1 # nitcc, a parser and lexer generator for Nit
3 nitcc is a simple LR generator for Nit programs.
4 It features a small subset of the functionalities of [SableCC] 3 and 4.
6 [SableCC]: http://sablecc.org
10 Have a valid compiler in `bin/`
11 Just run `make` in the `contrib/nitcc/` directory
19 nitcc generates a bunches of control files, a lexer, a parser, and a tester.
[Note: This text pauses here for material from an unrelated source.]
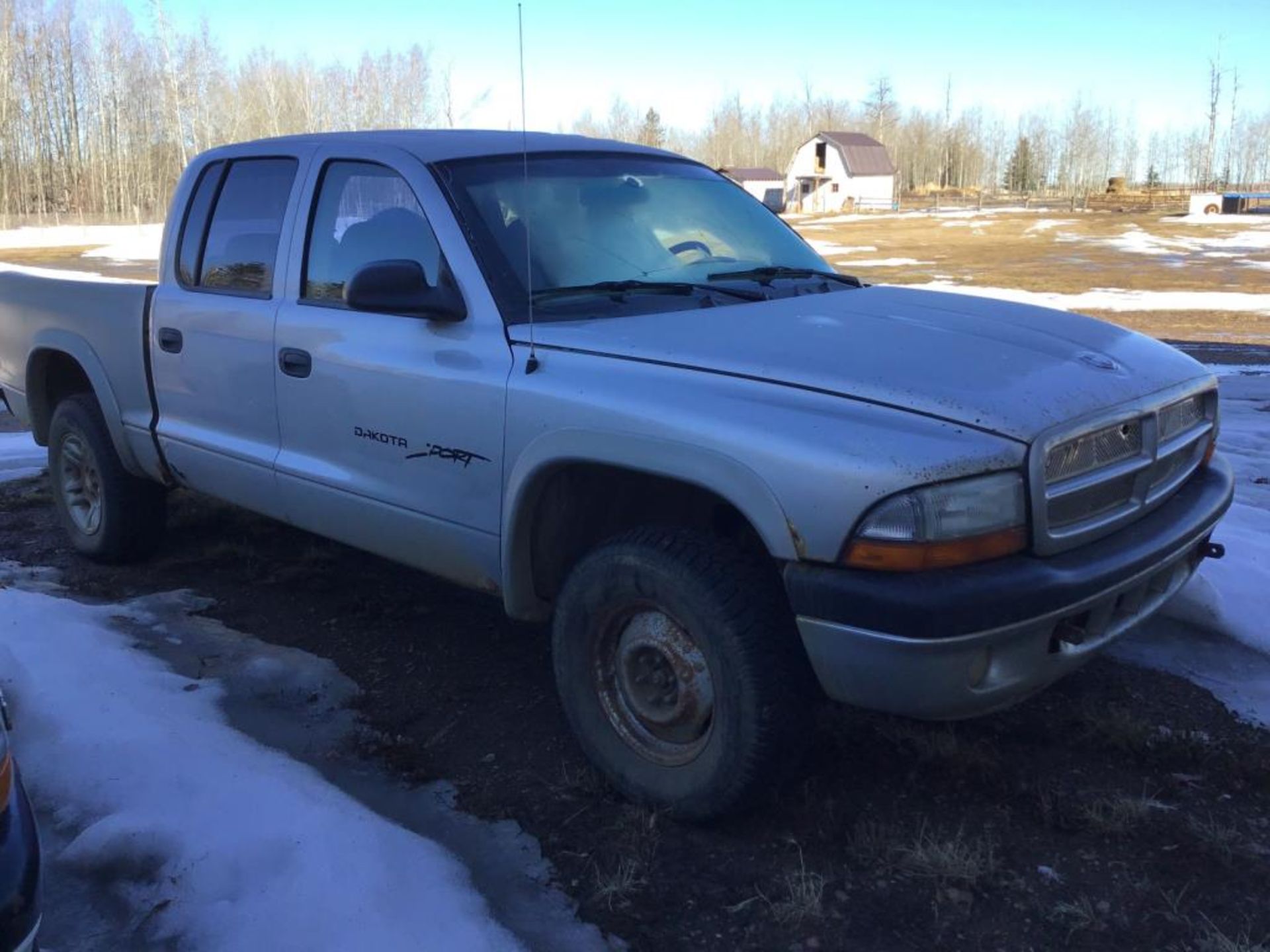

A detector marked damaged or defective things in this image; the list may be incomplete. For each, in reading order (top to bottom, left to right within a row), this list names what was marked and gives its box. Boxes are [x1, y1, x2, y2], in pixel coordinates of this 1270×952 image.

rusty steel wheel rim [59, 431, 102, 538]
rusty steel wheel rim [591, 606, 716, 772]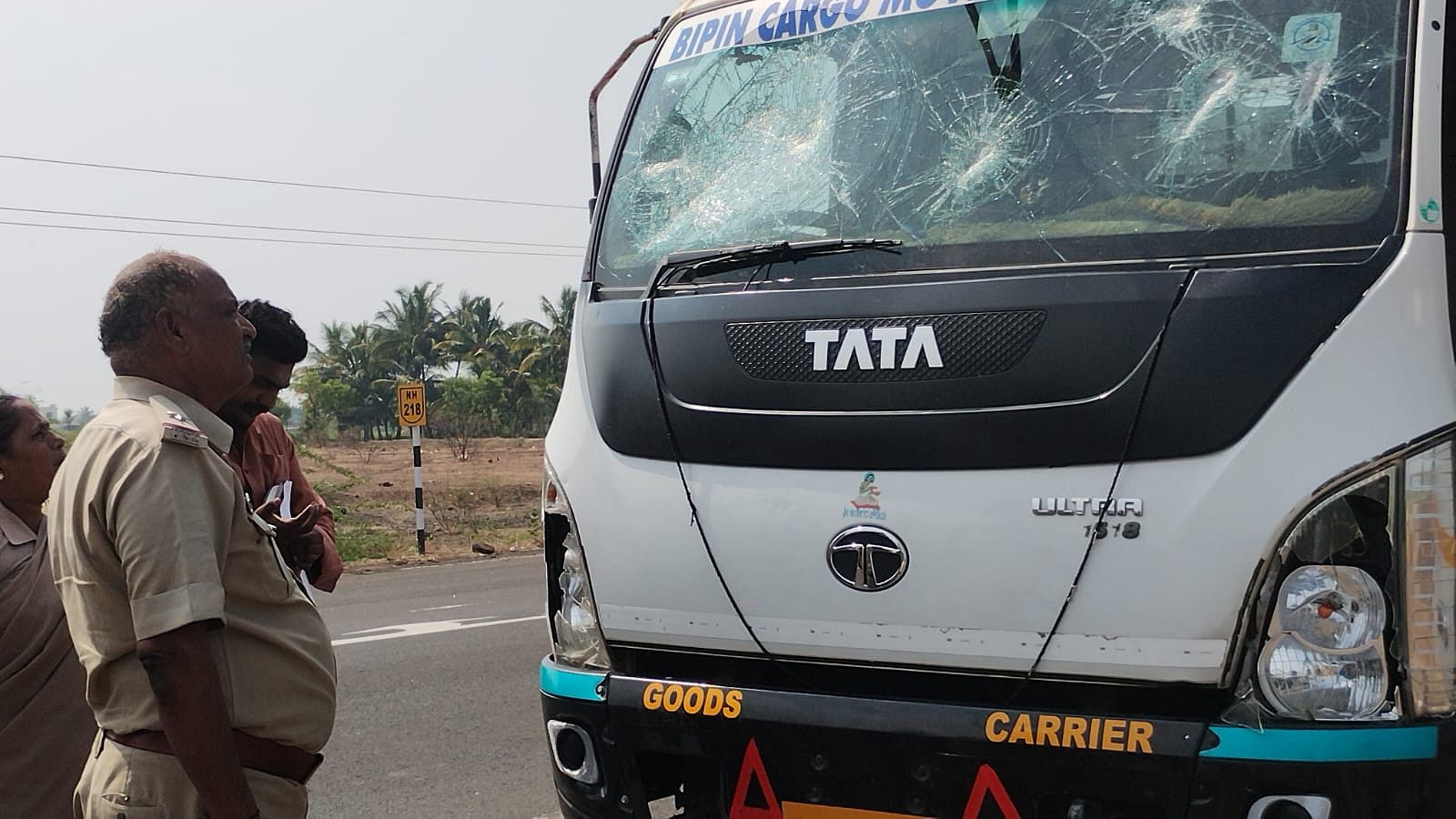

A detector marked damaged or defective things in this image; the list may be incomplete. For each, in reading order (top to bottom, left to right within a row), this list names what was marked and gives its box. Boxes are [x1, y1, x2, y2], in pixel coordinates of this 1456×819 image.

21 To compile and run the tester:
23 nitc file_test_parser.nit
24 ./file_test_parser an_input_file_to_parse
26 ## Examples and regression tests
28 The sub-directory `examples/` contains simple grammars and interpretors.
30 The sub-directory `tests/` contains regression tests.
32 ## Features (aka TODO list)
34 - [x] command line tool (`nitcc`)
35 - [x] Grammar syntax of SableCC4 (with pieces of SableCC3)
36 - [x] Generates a Lexer
37 - [x] Generates a SLR parser
38 - [ ] Generates a LALR parser
39 - [x] Generates classes for the AST and utils
41 For the tool (and the code)
44 - [x] bootstrap itself (see `nitcc.sablecc`)
46 For the lexer (and regexp, NFA, and DFA)
49 - [x] interval of characters and subtraction of characters
50 - [x] implicit priorities (by inclusion of languages)
52 - [x] Shortest and Longest (but dummy semantic without lookahead)
53 - [x] efficient implementation of intervals
54 - [x] DFA minimization
56 For the parser (and grammar and LR)
58 - [x] Modifiers (`?`, `*`, `+`)
61 - [x] Empty (but not mandatory)
65 - [x] Dangling (automatic, so mitigate the SLR limitations)
66 - [x] simple transformation (unchecked)
67 - [x] simple inlining (non automatic, except for `?` and `*`)
69 For the AST (generated classes, utils and their API)
71 - [x] Common runtime-library `nitcc_runtime.nit`
72 - [x] Terminal nodes; see `NToken`.
73 - [x] Heterogeneous non-terminal nodes with named fields; see `NProd`.
74 - [x] Homogeneous non-terminal nodes for lists (`+` and `*`); see `Nodes`.
75 - [x] Visitor design pattern; see `Visitor`.
76 - [x] Syntactic and lexical errors; see `NError`.
77 - [x] positions of tokens in the input stream; see `Position`
78 - [ ] positions of non-terminal nodes.
79 - [ ] API for the *input source*
80 - [ ] sane API to invoke/initialize the parser (and the lexer)
82 ## BUGS and limitations
84 * Limited error checking; bad grammars can produce uncompilable, or worse buggy, nit code.
85 * The SLR automaton is not very expressive; do not except to parse big and complex language like Nit or Java.
86 * The generated Nit code is inefficient and large; even if you get an acceptable grammar, do not except to parse efficiently big and complex language like Nit or Java.
87 * No real unicode support.
88 * Advanced features of SableCC4 are not planed.